If the state can’t enforce the law against the elites then the law’s legitimacy won’t survive and it matters not that the law may have a respectable lineage in religion, tradition or custom. Laws are inextricably woven with the even-handed enforcement of the law. Exempting the elites from the application of laws is the surest way to bring the legal system into disrepute and to undermine the legitimacy of the law-makers, law-enforcers, and the law.

Without an elite willing to be constrained by law, the legal system will find itself under increasing pressure until it finally collapses under the weight of its own internal contradiction. From the ruins a new legal system with self-constraining elites create the environment for legitimacy to take root.

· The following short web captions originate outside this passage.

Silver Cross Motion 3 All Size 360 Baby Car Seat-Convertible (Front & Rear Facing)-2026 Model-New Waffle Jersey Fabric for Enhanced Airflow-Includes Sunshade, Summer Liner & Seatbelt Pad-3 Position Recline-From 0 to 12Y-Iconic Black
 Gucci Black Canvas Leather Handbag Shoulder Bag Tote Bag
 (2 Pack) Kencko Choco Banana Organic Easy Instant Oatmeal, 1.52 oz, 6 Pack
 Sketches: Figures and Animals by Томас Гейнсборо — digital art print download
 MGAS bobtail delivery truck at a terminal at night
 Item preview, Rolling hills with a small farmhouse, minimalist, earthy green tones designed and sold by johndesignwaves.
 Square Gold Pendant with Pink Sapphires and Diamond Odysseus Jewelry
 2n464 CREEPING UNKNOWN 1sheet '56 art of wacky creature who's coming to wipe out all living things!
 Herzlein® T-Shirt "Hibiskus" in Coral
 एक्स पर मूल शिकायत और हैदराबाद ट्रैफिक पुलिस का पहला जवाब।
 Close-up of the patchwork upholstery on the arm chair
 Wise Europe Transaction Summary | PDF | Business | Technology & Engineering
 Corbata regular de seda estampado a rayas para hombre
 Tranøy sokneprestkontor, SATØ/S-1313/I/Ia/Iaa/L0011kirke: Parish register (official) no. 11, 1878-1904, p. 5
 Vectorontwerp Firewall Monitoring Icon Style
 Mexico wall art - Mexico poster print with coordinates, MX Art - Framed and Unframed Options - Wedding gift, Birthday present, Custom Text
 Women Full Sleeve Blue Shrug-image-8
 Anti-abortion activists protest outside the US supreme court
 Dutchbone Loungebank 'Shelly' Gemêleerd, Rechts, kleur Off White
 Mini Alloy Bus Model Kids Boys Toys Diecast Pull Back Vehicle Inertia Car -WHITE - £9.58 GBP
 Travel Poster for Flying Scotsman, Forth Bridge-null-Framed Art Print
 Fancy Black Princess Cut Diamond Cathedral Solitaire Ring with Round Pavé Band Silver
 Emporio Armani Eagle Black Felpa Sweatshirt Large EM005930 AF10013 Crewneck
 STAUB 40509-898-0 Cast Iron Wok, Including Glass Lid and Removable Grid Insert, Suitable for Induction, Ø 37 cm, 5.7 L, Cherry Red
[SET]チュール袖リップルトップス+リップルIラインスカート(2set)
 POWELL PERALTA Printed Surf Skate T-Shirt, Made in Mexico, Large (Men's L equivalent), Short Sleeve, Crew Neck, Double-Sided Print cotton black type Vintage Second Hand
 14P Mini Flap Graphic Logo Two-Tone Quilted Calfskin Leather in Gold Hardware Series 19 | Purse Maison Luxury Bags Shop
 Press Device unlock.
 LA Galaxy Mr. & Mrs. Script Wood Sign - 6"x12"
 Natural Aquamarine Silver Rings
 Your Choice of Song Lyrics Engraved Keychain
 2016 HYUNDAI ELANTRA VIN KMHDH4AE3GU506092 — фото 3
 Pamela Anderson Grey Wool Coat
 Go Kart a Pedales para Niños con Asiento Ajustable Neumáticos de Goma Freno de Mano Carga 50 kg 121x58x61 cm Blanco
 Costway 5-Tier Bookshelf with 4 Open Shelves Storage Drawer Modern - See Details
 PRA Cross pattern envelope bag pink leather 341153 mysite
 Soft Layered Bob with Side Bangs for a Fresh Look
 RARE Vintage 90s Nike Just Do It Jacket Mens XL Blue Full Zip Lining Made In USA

Dr. Sriprapha Petcharamesree’s remarks for the need for accountability of the elites is certainly true. But without a broad consensus that the elites not only wish protection from the law against stronger agents, but are also subject to laws like all other citizens. Until there is an attitude among the elites to submit to the law even though certain privileges, benefits and exemptions will be reduced, there can be no accountability. With such a change of attitude, the old system will cook the accountability books. Claims that the books balance and deflect the uneven-handed application of the law through censorship, intimation, threats, reprisals, exile or imprisonment of critics.

Next time you see the new Benz or BMW with the decals and icons showing the owners affiliation with powerful social, political or economic institutions, you can read them for what they are: we are exempt from laws. We can do what we like. We are too powerful to be stopped by the police and certainly not arrested. We exist above the law. Thailand has become a society divided into factions by colour, and more importantly by decals and logos and icons that represent associations with power, wealth and status. These are more than just symbols. People with the right decal on their windscreen are immune from many laws. It is the prevailing attitude of Thailand’s elites that they are entitled to such immunity that becomes exhibit A in making the weak rule of law case. The Thai elites are strong, and show indication that ‘self-constraint’ isn’t something associated with elite rule.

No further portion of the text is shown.